The HAAPI Trial: A Novel Robotics Delivery Approach in Stroke Rehabilitation

March 2015
Neurorehabilitation and Neural Repair
Wolf, et. al.

Background:  Geographical location, socioeconomic status, and logistics surrounding transportation impede access of post-stroke individuals to comprehensive rehabilitative services. Robotic therapy may enhance telerehabilitation by delivering consistent and state-of-the art therapy while allowing remote monitoring and adjusting therapy for underserved populations. The Hand Mentor Pro (HMP) was incorporated within a home exercise program (HEP) to improve upper-extremity (UE) functional capabilities post-stroke.

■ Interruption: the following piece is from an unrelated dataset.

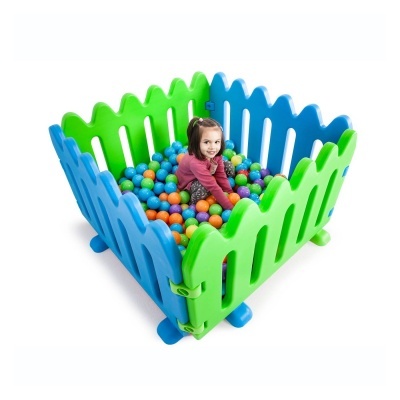 Parque infantil plástico azul e verde cheio de bolas coloridas com menina dentro.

Objective:  To determine the efficacy of a home-based telemonitored robotic-assisted therapy as part of a HEP compared with a dose-matched HEP-only intervention among individuals less than 6 months post-stroke and characterized as underserved.

Methods:  In this prospective, single-blinded, multisite, randomized controlled trial, 99 hemiparetic participants with limited access to UE rehabilitation were randomized to either (1) the experimental group, which received combined HEP and HMP for 3 hours/day × 5 days × 8 weeks, or (2) the control group, which received HEP only at an identical dosage. Weekly communication between the supervising therapist and participant promoted compliance and progression of the HEP and HMP prescription. The Action Research Arm Test and Wolf Motor Function Test along with the Fugl-Meyer Assessment (UE) were primary and secondary outcome measures, respectively, undertaken before and after the interventions.

Results:  Both groups demonstrated improvement across all UE outcomes.

Conclusions:  Robotic + HEP and HEP only were both effectively delivered remotely. There was no difference between groups in change in motor function over time. Additional research is necessary to determine the appropriate dosage of HMP and HEP.

 

Principal Findings:

  • First large-scale telerehabilitation implementation of the Hand Mentor.
  • The Hand Mentor can be implemented for stroke survivors with decreased access to traditional rehabilitation and reduced financial resources.
  • Significant improvements in upper limb function, which are equivalent to home exercise program.
  • Very low dropout rate (<10%) in the Hand Mentor group.
  • The Hand Mentor improves upper limb function to the same extent as traditional home exercise program.